Only two patients with skin-limited LCH experienced disease progression after first therapy. Of the eight patients who were eventually treated, five patients achieved non-active disease (NAD) after initial therapy, two patients developed active disease (AD)/worse, and one patient was lost to follow-up before therapy response could be assessed. Both patients with AD/worse post treatment received oral methotrexate as initial therapy. Of the twenty skin-limited LCH patients, eighteen (90%) had NAD at time of last follow-up. Three year overall survival (OS) of all patients with skin-limited LCH was 100%. Progression was noted in six patients (3-year PFS 70%). If progression only after therapy initiation is considered, however, the 3-year PFS was 89% (Figure 2, A).

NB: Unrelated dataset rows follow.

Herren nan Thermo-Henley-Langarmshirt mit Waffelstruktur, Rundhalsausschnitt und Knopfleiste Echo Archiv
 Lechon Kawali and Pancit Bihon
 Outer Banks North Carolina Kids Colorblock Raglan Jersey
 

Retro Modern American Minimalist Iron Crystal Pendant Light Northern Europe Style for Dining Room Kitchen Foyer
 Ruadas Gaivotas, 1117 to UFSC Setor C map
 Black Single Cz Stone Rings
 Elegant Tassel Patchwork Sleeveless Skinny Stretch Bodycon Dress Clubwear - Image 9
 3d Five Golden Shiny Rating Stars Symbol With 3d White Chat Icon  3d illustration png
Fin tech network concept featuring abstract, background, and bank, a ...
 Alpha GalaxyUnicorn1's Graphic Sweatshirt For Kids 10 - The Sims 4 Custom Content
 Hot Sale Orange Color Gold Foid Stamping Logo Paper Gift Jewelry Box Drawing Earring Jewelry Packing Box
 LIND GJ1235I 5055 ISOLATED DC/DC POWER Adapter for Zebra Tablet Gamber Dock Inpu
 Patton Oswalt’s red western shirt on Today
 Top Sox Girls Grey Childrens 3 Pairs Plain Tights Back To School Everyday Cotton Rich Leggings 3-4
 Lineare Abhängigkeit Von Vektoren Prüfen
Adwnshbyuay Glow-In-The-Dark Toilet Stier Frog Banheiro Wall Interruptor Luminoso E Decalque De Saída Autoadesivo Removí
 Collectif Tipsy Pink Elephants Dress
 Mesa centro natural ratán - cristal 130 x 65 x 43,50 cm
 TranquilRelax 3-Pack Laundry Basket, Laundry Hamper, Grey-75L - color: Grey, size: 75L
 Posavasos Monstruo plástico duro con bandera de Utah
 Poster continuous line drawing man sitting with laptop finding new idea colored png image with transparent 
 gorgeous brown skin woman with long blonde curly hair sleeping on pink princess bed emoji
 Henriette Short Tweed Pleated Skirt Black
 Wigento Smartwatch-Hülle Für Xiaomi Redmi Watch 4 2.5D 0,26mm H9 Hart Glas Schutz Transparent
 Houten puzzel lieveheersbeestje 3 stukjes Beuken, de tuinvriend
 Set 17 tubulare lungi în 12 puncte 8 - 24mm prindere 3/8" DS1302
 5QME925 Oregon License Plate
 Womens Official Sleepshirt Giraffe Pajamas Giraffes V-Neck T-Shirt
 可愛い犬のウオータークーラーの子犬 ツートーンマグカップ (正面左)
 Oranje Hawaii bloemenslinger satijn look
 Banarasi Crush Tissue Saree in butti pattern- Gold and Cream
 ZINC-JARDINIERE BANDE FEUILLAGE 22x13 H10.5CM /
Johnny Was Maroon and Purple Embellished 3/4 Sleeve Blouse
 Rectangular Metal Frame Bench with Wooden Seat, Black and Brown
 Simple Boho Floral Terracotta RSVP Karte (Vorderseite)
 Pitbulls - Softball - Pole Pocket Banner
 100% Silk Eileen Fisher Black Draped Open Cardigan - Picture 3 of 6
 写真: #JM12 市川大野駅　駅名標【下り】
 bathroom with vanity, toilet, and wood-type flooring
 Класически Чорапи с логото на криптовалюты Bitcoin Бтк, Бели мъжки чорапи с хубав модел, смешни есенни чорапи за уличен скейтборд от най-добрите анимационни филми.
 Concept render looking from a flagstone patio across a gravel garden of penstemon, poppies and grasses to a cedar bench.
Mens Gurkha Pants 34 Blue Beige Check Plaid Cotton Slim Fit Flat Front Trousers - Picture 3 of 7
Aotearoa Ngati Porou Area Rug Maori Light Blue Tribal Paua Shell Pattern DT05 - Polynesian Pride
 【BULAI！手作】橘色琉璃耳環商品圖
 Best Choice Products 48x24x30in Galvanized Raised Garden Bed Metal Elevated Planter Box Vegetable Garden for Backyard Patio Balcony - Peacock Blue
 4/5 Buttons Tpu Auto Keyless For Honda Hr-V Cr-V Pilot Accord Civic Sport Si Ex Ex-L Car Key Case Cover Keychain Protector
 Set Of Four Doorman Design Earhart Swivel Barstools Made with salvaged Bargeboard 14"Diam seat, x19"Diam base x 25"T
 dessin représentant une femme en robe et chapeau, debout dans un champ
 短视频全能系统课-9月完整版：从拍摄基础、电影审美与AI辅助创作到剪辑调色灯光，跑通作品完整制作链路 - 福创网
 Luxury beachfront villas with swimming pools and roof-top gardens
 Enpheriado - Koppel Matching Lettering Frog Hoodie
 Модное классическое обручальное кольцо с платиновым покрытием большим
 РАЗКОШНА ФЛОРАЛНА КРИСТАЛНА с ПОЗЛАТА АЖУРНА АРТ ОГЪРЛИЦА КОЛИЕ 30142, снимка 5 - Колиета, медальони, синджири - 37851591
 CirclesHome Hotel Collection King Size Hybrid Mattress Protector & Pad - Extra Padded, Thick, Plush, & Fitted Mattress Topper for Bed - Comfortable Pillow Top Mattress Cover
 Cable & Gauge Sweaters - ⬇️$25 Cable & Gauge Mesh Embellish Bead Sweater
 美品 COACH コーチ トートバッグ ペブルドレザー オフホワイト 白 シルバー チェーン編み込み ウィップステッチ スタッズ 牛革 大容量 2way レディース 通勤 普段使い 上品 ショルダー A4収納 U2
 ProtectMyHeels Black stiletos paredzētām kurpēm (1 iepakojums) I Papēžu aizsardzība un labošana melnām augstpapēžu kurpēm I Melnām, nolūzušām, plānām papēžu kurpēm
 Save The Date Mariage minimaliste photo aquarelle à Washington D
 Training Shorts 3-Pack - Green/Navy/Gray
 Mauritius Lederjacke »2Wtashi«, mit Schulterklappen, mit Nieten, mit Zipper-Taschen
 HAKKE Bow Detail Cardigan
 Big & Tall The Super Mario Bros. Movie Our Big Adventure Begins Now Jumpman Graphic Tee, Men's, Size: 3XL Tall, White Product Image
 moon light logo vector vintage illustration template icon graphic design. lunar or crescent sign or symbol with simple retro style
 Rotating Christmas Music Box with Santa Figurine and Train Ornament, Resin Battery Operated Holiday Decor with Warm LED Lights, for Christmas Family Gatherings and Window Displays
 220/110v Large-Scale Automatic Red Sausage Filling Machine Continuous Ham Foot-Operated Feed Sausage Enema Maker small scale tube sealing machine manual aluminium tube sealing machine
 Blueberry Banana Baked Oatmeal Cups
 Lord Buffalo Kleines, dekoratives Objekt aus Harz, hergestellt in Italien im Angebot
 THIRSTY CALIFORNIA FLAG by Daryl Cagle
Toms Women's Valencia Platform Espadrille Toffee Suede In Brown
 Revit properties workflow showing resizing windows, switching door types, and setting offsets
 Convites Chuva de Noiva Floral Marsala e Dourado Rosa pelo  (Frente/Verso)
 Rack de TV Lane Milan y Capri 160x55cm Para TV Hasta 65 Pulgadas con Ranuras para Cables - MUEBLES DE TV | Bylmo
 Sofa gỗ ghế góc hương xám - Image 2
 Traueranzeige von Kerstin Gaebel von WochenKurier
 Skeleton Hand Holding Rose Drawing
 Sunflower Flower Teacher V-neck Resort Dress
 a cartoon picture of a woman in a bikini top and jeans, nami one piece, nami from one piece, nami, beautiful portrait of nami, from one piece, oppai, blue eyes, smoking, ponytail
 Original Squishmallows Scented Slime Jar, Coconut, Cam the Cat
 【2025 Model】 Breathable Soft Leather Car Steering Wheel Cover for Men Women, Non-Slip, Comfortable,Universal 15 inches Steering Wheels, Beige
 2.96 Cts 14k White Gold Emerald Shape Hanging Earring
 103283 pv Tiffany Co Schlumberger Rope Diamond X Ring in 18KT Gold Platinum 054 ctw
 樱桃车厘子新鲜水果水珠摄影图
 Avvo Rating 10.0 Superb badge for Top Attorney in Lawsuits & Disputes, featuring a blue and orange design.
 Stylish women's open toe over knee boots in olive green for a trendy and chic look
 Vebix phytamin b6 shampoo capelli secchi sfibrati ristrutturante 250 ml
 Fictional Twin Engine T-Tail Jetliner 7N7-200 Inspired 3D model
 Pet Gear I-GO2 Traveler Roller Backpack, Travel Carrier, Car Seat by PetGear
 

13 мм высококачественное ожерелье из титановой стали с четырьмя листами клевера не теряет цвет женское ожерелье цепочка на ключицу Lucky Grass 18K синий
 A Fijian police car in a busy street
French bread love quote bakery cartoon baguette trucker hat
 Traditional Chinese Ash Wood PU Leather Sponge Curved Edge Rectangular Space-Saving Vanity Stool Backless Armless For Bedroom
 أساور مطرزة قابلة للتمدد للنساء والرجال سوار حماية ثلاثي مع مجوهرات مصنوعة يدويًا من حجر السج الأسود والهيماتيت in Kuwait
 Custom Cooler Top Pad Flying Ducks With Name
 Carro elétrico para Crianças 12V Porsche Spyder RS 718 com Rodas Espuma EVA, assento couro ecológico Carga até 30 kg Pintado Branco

Multisystem LCH Including Skin Lesions
Patients with skin plus multisystem LCH were treated with systemic chemotherapy. Thirty-nine patients had evaluable response to therapy, three were lost to follow-up, and one with risk-organ involvement died prior to initiation of therapy. Three year OS of patients with skin plus multisystem disease who received treatment was 100%. However, patients with skin plus multisystem disease (3-year progression 77%) were significantly more likely to progress than those with skin-limited disease (3-year progression 30%) (P=0.005; Figure 2, B). Forty-four percent of patients with skin plus multisystem disease had risk-organ involvement at diagnosis. There was no significant difference in progression between skin plus multisystem patients with risk-organ involvement (n = 17; 3-year progression 80%) versus non-risk involvement (n = 22; 3 year progression 68%) (P=0.26; Figure 2, C). Median time to progression was 11 months in risk-organ disease and 16.3 months without risk-organ disease.
To evaluate the effect of standard vinblastine/prednisone-based therapy in the management of skin plus multisystem LCH, and to minimize referral bias, we separately evaluated the 17 patients treated with this regimen as primary therapy within our institution and identified no significant difference in progression between patients with or without risk-organ disease (Figure 2, D). The majority of these patients with skin plus multisystem disease (56%) experienced disease progression during or after initial therapy, whereas patients with skin-limited disease rarely experienced post-treatment disease progression (11%) (Hazard ratio 4.00, 95% CI 1.22–13.18, P=0.02; Figure 2, E). Of the six patients with risk-organ involvement who experienced disease progression, five had persistence or progression of disease in risk organs, and none achieved NAD before disease progression. Of the three patients without risk-organ involvement that recurred, all achieved NAD before recurrence, and only one had disease recurrence in an organ besides skin.
Patients with skin plus multisystem disease usually responded to salvage therapy but often required multiple different regimens for a durable complete response. Of the 39 patients with evaluable therapy response, 29 (74%) had NAD at time of last follow-up after a median of 3 distinct therapy regimens. Among patients with AD at last evaluation, five patients were AD/better and five were AD/worse after a median of 2.5 regimens. Risk-organ involvement did not predict eventual failure to develop NAD (P=1.00). No deaths occurred after treatment initiation in this series.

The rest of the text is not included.